僕は転生に憧れを抱いた③
海斗は転生に憧れていた。
なれないものになりたい気持ちが段々と強くなる。
考えないようにすればするほど考えてしまう。
朝の授業が終わり職員室へと向かう。
一応見た出来事だけでも話しておこうと思ったからである。
「先生ー、自分昨日転生した生徒みましたよー」
そこではいつ、どこで、どんな感じで転生したかを聞かれた。
後々知ったことだが、転生した人を国に報告することで現地調査が入るらしい。
謝礼を受け取れるということも後々知った。
解明されていないことを探るのには膨大な資料が必要らしい。
当然謝礼を受け取れるのはその先生ということになるが、海斗にとってはどうでもいいことであった。

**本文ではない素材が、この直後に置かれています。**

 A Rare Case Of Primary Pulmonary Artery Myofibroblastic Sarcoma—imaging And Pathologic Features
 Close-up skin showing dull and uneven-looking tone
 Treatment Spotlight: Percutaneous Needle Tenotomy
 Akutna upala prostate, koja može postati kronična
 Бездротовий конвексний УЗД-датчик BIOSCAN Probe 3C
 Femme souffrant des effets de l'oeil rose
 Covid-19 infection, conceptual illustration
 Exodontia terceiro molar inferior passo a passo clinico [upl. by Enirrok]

お昼の休み時間、開放されている屋上で寝そべって漂う雲をゆっくりと眺めていた。
今日は天気もよく雲もはっきりとしたコントラストで空と相まっていた。
ちぢれた雲は一つ一つゆっくりと列を成して動いている。
冬で空気が澄んでいる、風は若干冷たく全身を撫でていく。それでも外で昼食を取る。
何も考えずに空を見るのが海斗はとても好きだからだ。
開放されている屋上にも関わらず人は誰一人としていない。
皆教室でスマホやら音楽やらを楽しんでいる。
外で遊んでいる生徒も最近では見なくなった。
「ほらー海斗、またここにいた」
葉月がお弁当を持って隣に座ってきた。
葉月もたまに屋上に弁当をもってくる、弁当といってもコンビニで買ったサンドウィッチだ。
「うんー」
「なに、考え事?らしくないなー」
そういいながら隣の葉月は美味しそうにサンドウィッチを頬張っている。
今この現在をとても楽しんでいるように、良い笑顔をしている。
「お前は転生したいと思ったこと無いの?」
常に今を楽しんで生きてそうな葉月に対してふとした疑問を抱いてしまった。
むしろそれが正しいと思っている。
ただ、無邪気な笑顔を見ているとどうしても聞くに聞いてしまう自分がいた。
「んー、思ったこと無いかなー、今が楽しいし」
そう言いながら少し遠くを見つめている様子に伺えた。
その目はどこを見据えているのだろう。
「そっか、いいなお前は本当に」
「なによその言い方ー!なんかむかつくなー!」
素直に感情を出して怒っている姿まで眩しく見えてしまう。
そういうところが可愛いなと思っているし羨ましくもおもっている。
「まぁ転生ばかりがいいことではないんじゃないかなー?」
葉月がふとそんなことを言う。
「なんでさ」
「だって、転生した人には良くても周りの人達にとっては寂しいことなんじゃないかな」
「んー、そんなもんかなー」
「絶対そうだよ、だって海斗が転生したら悲しむ人だっていっぱいいるでしょ」
俺が転生したところで悲しむ人が思いつくといっても、家族と数人の友達と、あとはあれか、家で飼っている猫のことか。
……猫って悲しむのだろうか、居なくなったところで全然気にしないで日向ぼっこでもしてるんじゃないか。
「そんなにいないんじゃないかなー」
「もー、本当に色々と気づいてないね!私は海斗が居なくなったら寂しいよ」
「そっかー」
ん、俺はこれをどう受け止めていいのだろう。
さり気なく普段通りの会話の流れで生返事をしてしまったが、考えれば考えるほど恥ずかしくなってくる自分がいた。
タイミングもよく昼の鐘が鳴り始めた。
「あっ!やば!次体育じゃん、早く着替えなきゃ!しかも今日はテニス祭りだよ!」
本当にタイミング良く葉月も食べ終わり、海斗が振り返った頃には葉月は既に階段を駈けていた。